For a more detailed history of Pal Joey, check out the below article in Breaking Character:

Pal Joey: A History of Rodgers & Hart's Bewitching Musical
by Bert Fink

Keywords

Act I

On a September afternoon in the late 1930s at a neighborhood nightclub on the South Side of Chicago, Joey Evans auditions for an emcee gig with a song and dance routine (“A Great Big Town”). After a few more fancy steps, the club’s proprietor, Mike, catches Joey exaggerating his experience as a performer, having heard about the bit of trouble Joey caused with a banker’s daughter at his last job in Ohio. Mike hires Joey as an emcee for the week. Joey tells a stage kid he used to fly airplanes, but Gladys, a dancer at the club, ushers the kid away, knowing Joey’s reputation for telling tall tales. The rest of the show’s company begins rehearsal (“You Mustn’t Kick It Around”). When Joey is called over to converse with Mike, Gladys and the girls in the chorus continue without him (“You Mustn’t Kick It Around” Reprise).

Later that evening, Joey notices a woman peering into the window of a pet shop. They make small talk about dogs and he tells her an elaborate tale about his very wealthy childhood and a particular instance where, on his way home from “The Academy,” his chauffeur ran over one of their puppies named Skippy in their Rolls Royce just outside his family’s estate. She cries and introduces herself as Linda, mentioning she lives in the neighborhood with her sister until she finds a job. They share a moment, and he tells her that she inspires him (“I Could Write a Book”).

A month later at the night club, a performance is underway (“Great Big Town” Reprise). During the show, Mike notifies Joey about the arrival of “Mrs. Chicago Society,” Vera Prentiss Simpson. As Joey flirt with Linda, Vera callss him to her table. Vera interrogates him, and Joey admits to never having played the Jamboree Club, as his billing suggests. When Joey attempts to play coy with her about his past, Vera calls him the “freshest” person she’s ever met and storms out. Mike, furious over the loss of a potentially business-changing patron, threatens to fire Joey. Instead, Joey makes a deal: If Vera doesn’t return within two nights, he’ll leave the club and Mike can keep his pay. Doubtfully, Mike agrees, and the show goes on (“That Terrific Rainbow”).

Joey calls Linda, but she rejects him, noting that he left her at the club to have a conversation with Vera. He then calls Vera, pretending to be a close friend of hers, but she catches on quickly. He reveals himself and gambles everything by insulting her before abruptly hanging up. With much to lose, Joey is panicked by the risk he’s taken.
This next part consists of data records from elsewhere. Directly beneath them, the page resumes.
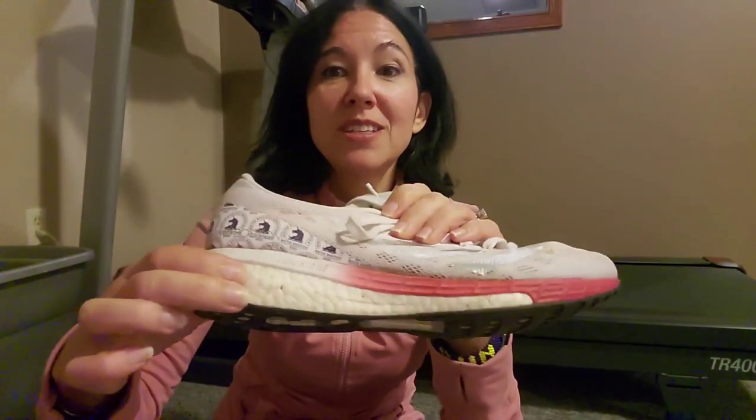These are the Adidas Boston 9 — I love these shoes so much. I own the 8th and these are the 9th; there's not a lot of difference between them. I like the foam, it's very cushy. I use them on my treadmill when I want to run faster, and obviously for outdoors too — I raced in them at a 10K and a half marathon back in early 2020, before the pandemic. I'm alternating them for speed workouts and tempo workouts, but mostly I've been using them on the treadmill.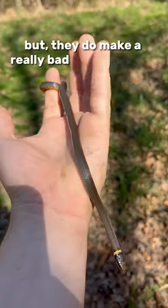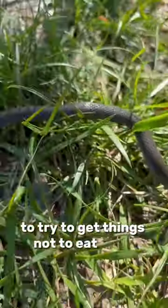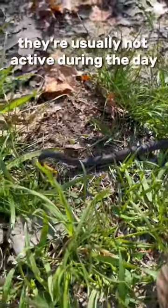They do make a really bad smelling musk, so watch out for that. When they're threatened, they'll flash this bright colored stomach to try to get things not to eat them. They're usually not active during the day, so this is a pretty cool find.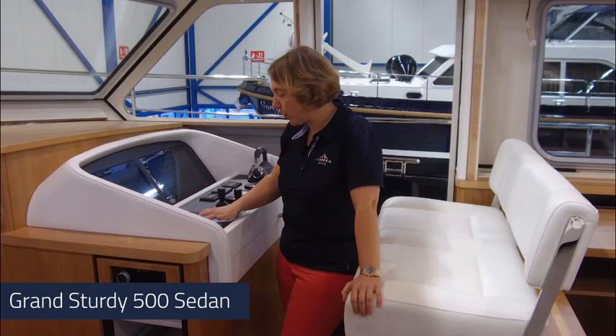What I would like to show you is another feature of this Grand Sturdy 500 sedan, which is the large opening roof, the Linsen E-Vario deck.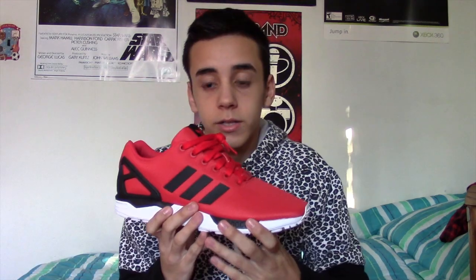Alright, let's get to this ASAP. First cool thing in my room are actually my Adidas Flux, bright red colorway. These are actually my favorite shoes out of all of them right now. I really like these, maybe because my favorite color is red. Very comfortable, very original.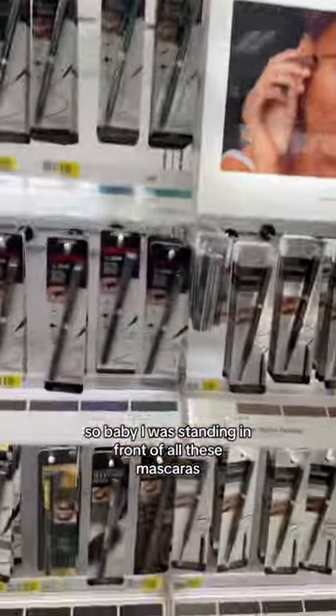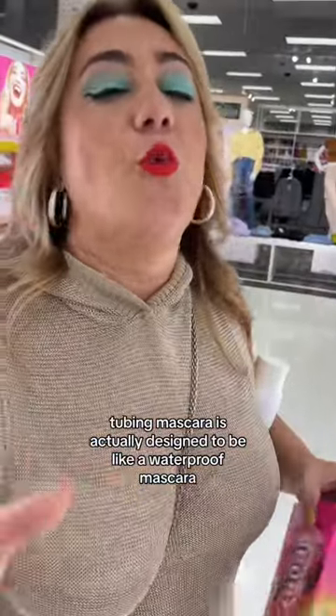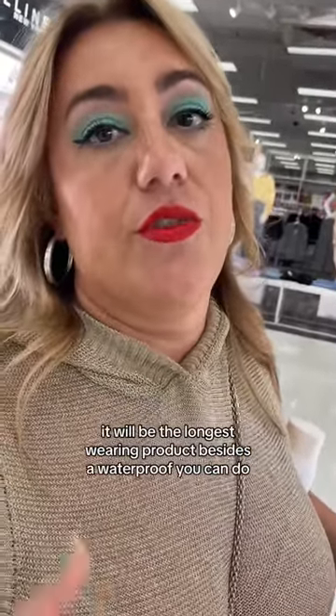I'm standing in front of all these mascaras. How do I know which one's a tubing mascara and which one's a regular mascara? Tubing mascara is designed to be like a waterproof mascara in the sense that it's going to wear really, really well. It will be the longest-wearing product besides a waterproof you can do.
On the other end of the line, Vera considers Joey and the practical utility of men (“What Is a Man?”).

The next night, as they head home from the show, all the chorus girls that Joey has slighted sarcastically wish him the best of luck on losing his job. Just as Mike counts down one more night for Vera to show up, she appears at the stage door. Excitedly, Mike steps away to mix drinks for Vera and her friend. While Mike’s away, Vera accurately pinpoints the reason Joey had insulted her; fearing for his job but knowing her status, he took a risk by getting under her skin rather than pleading with her. Vera gives him a hard slap across the face and warns him, “I’m older than you, and I’m a very smart and ruthless woman, so don’t try any fast ones.” She then invites him home with her. As he leaves triumphantly, Joey assures the rest of the chorus girls not to worry – he’s “only on vacation, not out of circulation” (“Happy Hunting Horn”).

At a tailor’s shop a few days later, Joey chooses flashy fabrics for a suit. Vera arrives and corrects the tailor’s suggestions, and he obliges her. As Joey gets fitted in the other room, she confesses knowing her place in this questionable dynamic (“Bewitched”). When Joey returns, they both notice Linda, who is now working as one of the tailor’s assistants. Joey shrugs her off and tells Vera that she’s “some woman he met twice” who loves dogs, but Vera catches on quickly. She makes her expectations clear: She and Joey will remain monogamous, at least while she’s invested in him. When Joey goes back to the tailor, Vera tells Linda that Joey is her husband, painting him as a dangerous mob boss whose pants require extra-large pockets to fit his guns. When Joey comes out, Linda slights him, but Joey is unphased (“Pal Joey: What Do I Care for A Dame?”)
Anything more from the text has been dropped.